Satrapi poulain

Au travers des décors carton-pâte se dessine une histoire d’amour et d’art frustrée. Nasser Ali Khan (Mathieu Amalric) est violoniste. Son épouse Faringuisse (Maria de Medeiros) est une professeur de mathématiques dont il n’est pas amoureux. Elle ne supporte plus les notes de son mari et préférerait qu’il s’occupe d’avantage de l’éducation de ses enfants que de son instrument. De fureur, elle brise le violon après une dispute. Ali part alors à la recherche d’un violon extraordinaire que lui vend le malicieux Houshang (Jamel Debouzze). Lorsqu’il rentre chez lui, la déception est immense : il ne retouve pas la beauté originelle de sa musique. Abattu, l’artiste s’enferme dans sa chambre en attendant la grande faucheuse Azraël (Edouard Baer). Mais le désespoir d’Ali est autant mélodique qu’amoureux. Sa mémoire nous replonge dans le souvenir de la belle Irâne (Golshifteh Farahan). Le père de la jeune fille, horloger, s’oppose à leur union. Rigueur mathématique, mécanique : la société de la raison n’accepte pas les artistes.

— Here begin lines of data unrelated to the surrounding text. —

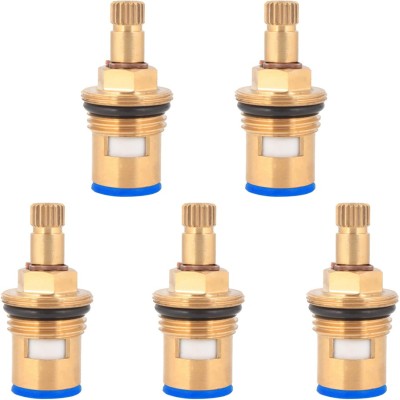 Acetap Brass Ceramic Disc Cartridge Quarter Turn 1/2 Inch for Hot and Cold Bathroom Kitchen Tap Faucet Valve - Pack Of 5 Piece Faucet Spindle(Screw On)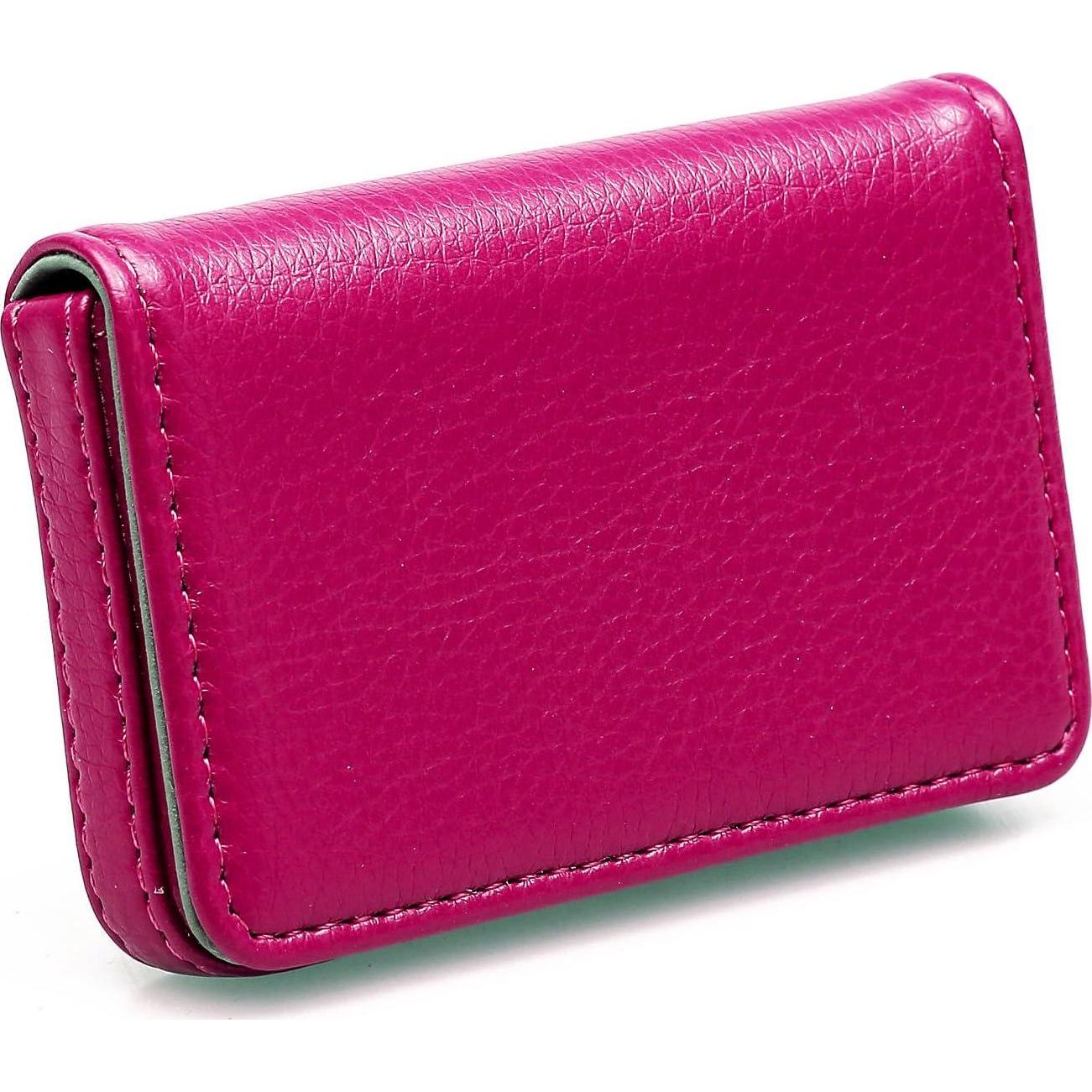 RFID Blocking Wallet - Minimalist Leather Business Credit Card Holder - Rose,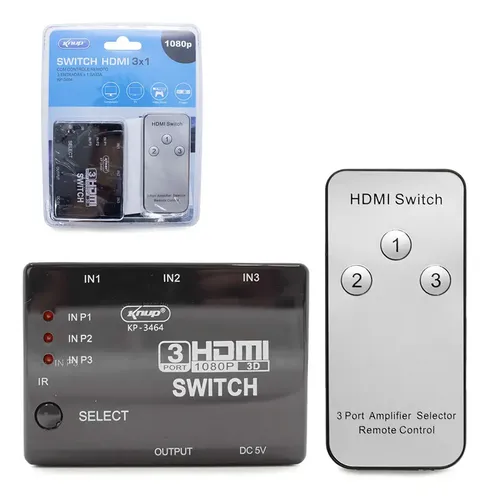 SWITCH HDMI 3 ENTRADAS 1 SAIDA 1080P C/CONTROLE REMOTO KNUP KP-3464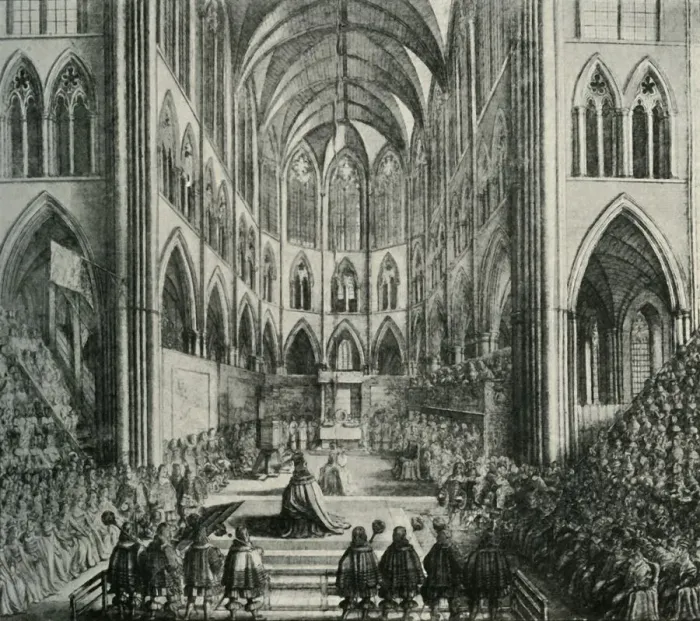 Framed Print : The Enthroning of King Charles II, 1902. Creator: Unknown Framed Print : The Enthroning of King Charles II, 1902. Creator: Unknown
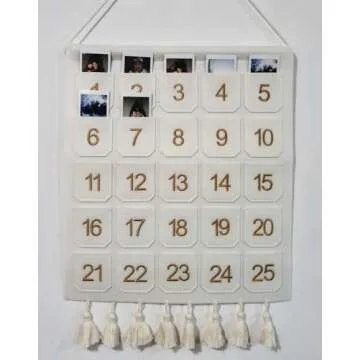 Photo Advent Calendar with Pockets, Christmas Calendar Countdown, Embroider Numbers Felt Photo Advent Calendar w/ 25 Small Pockets, Advent Calendars for Kids Chocolate & Candy (Gold)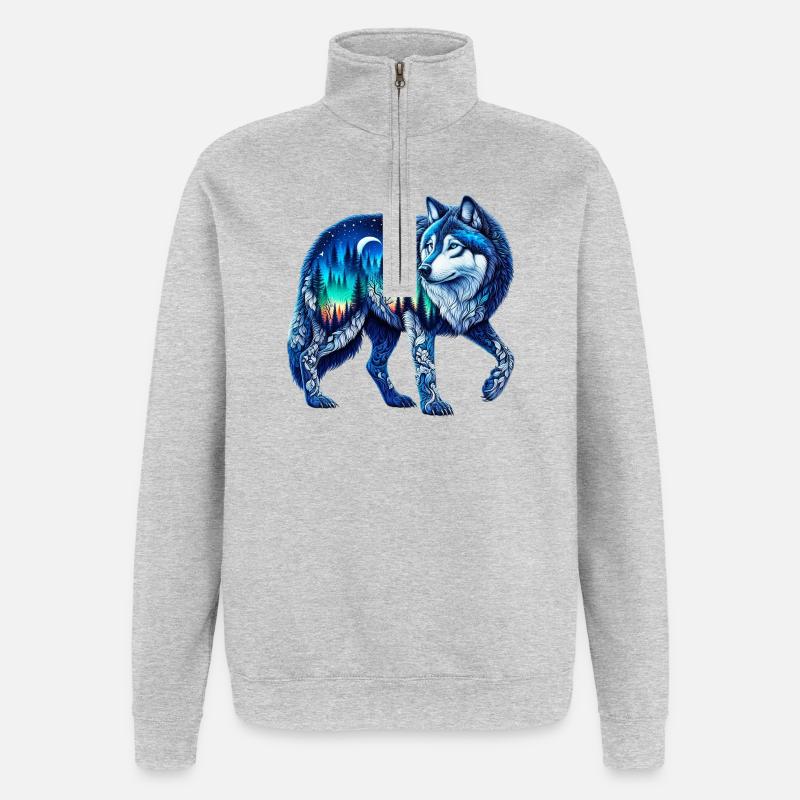 Wolf - Quarter-Zip Sweatshirt - heather grey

Persepolis (2007) habillait d’un roman dessiné une histoire réaliste, créant un écart étrange entre la douceur des images et le propos brut et autobiographique. L’échec de Poulet aux Prunes se présente de manière inverse. En un clin d’oeil le film peut sauter d’un mode de récit à l’autre, d’une image à une autre. Une scène décrit par exemple l’avenir du fils d’Ali Khan qui épouse une blonde et le mode de vie américain. On bascule du conte vers un style promotionnel, puis vers une mauvaise parodie de sitcom U.S. Une éventuelle satire viendrait elle évaporer les charmes de la féérie ? Les têtes occidentales des acteurs dans l’Iran monarchique voudrait-elle mettre à plat la distance entre Orient et Occident ? Et que viendrait faire le personnage d’Abdi (Eric Caravaca) ? Le militant communiste de la famille est congédié, une fois par la voix off, une autre fois par son frère qu’il essaie de raisonner pour éviter sa mort. Par ailleurs, le seul personnage oriental s’appelle Irâne (qui se prononce comme Iran en farsi) et sonne, selon l’aveu des auteurs, comme un rêve démocratique oriental évanoui et surrané. C’est un personnage symbolique, un peu comme la France du dernier Klapisch. Empruntant plus à la laideur des derniers films de Jeunet qu’au Cabinet du Docteur Caligari, Poulet aux Prunes est pourtant moins un conte qu’une tentative d’exploration mercantile des images, du décor, et de la fabrique. Un art moins ancestral que les contes de Les Mille et Une Nuits, mais paradoxalement déjà trop vieux pour être naïf, et où l’imagerie publicitaire prendrait le dessus sur le poétique et politique. Reste alors à se laisser bercer par le montage et la narration, qui envahissent. « La fumée est la nourriture de l’âme » dit la grand mère Parvine (Isabella Rossellini) : nuages d’opium, cumulus magique au dessus d’une tombe, bouffées recrachés par Chiara Mastroianni autour d’une table de poker, ronds de fumée de cigarettes expulsés par Mathieu Amalric. Esthétique plaisante, d’une vignette à l’autre, constituée moins de classiques raccords que d’une image cachée sous le voile d’une épaisse fumée magique.